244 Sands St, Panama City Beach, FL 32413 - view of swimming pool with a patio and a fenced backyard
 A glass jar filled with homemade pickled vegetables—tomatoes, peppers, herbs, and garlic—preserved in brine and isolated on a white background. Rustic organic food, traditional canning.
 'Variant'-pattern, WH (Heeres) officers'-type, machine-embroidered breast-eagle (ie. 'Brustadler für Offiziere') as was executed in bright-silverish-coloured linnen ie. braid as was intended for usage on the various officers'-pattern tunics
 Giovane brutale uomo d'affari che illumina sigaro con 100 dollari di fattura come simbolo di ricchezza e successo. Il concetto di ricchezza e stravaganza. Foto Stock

★ ★ ★

• Task directions: Return the lines of the listing where the string "with" appears.

• Response to the task:
244 Sands St, Panama City Beach, FL 32413 - view of swimming pool with a patio and a fenced backyard
 A glass jar filled with homemade pickled vegetables—tomatoes, peppers, herbs, and garlic—preserved in brine and isolated on a white background. Rustic organic food, traditional canning.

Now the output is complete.